PRESTO is a sort of curious system; as far as I can tell there are no ticket vending machines (although online reload is offered), and the rollout has been sluggish so far. That said, it represents the best shot the TTC has at modernizing a fare collection system where the state of the art is considered to be a monthly pass with a fancy hologram and a bus farebox designed to detect counterfeit tokens. All of the engineering work for PRESTO has been done already—even the work necessary to deploy PRESTO at TTC stations. All that was lacking before was the money to actually purchase and install the hardware. Now, though, thanks to the new agreement, someone will foot the bill (it’s not clear if it’s the TTC or the province) and get the work done. With luck, in a few years’ time, this will mean the end of the token in one more city.
I consider this to be of particular interest because the situation in Toronto has been one of the few in which there has been an opportunity for real debate about the merits and drawbacks of open payment.

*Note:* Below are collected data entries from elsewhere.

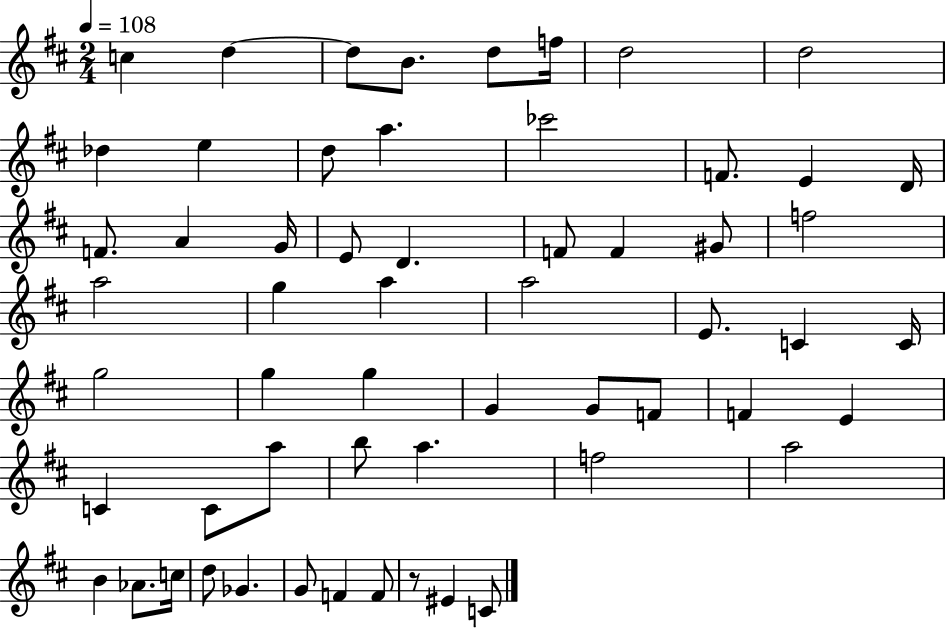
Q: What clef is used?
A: treble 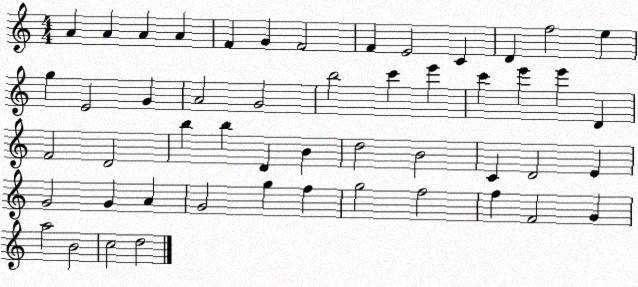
X:1
T:Untitled
M:4/4
L:1/4
K:C
A A A A F G F2 F E2 C D f2 e g E2 G A2 G2 b2 c' e' c' e' e' D F2 D2 b b D B d2 B2 C D2 E G2 G A G2 g f g2 f2 f F2 G a2 B2 c2 d2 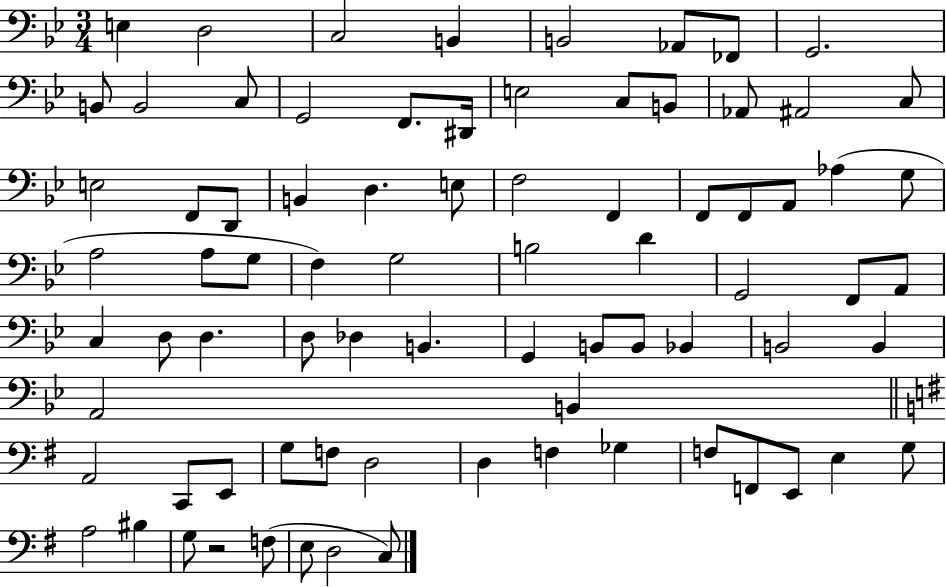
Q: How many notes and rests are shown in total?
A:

Torontonians raised many concerns over the TTC’s push for open payment. The province, having already invested heavily in PRESTO, pushed for the TTC to adopt PRESTO system-wide, sometimes using forceful language to that end. In other cities, open payment has simply been presented by transit agencies as a fait accompli, even as they are themselves unable to provide any real details. As David Smith, director of program services for PRESTO, put it in an interview:
New York has been in a pilot since 2006 and still there’s no firm time for them to roll out an open payment. They’ve not in any way been able to articulate a cost. Currently Mastercard is funding all of it.
That said, I would be hesitant to treat this as a wholesale condemnation of open payment; the architecture of the PRESTO system is such that it could be adapted to accomodate open payment at some time in the future. Moreover, the argument in favor of PRESTO (and against the TTC’s open payment system) was never that it wasn’t open payment, but rather simply that PRESTO was already there—in short, that there was no need to deploy two new fare collection systems in the same city at the same time.
Speaking to CBC’s Metro Morning, Giambrone said transit systems in cities like London, England, use both a Presto-style smart card service and an open payment system that accepts credit and debit cards.
That was in August 2010, and at the time it was patently false. In fact, it’s still false today. TfL has only just released its plan for open payment, and there is not yet a single city with an existing electronic fare collection system which has also deployed open payment in a non-pilot system. New York has come the closest; the UTA‘s system, though fully deployed, doesn’t count because it was a greenfield project.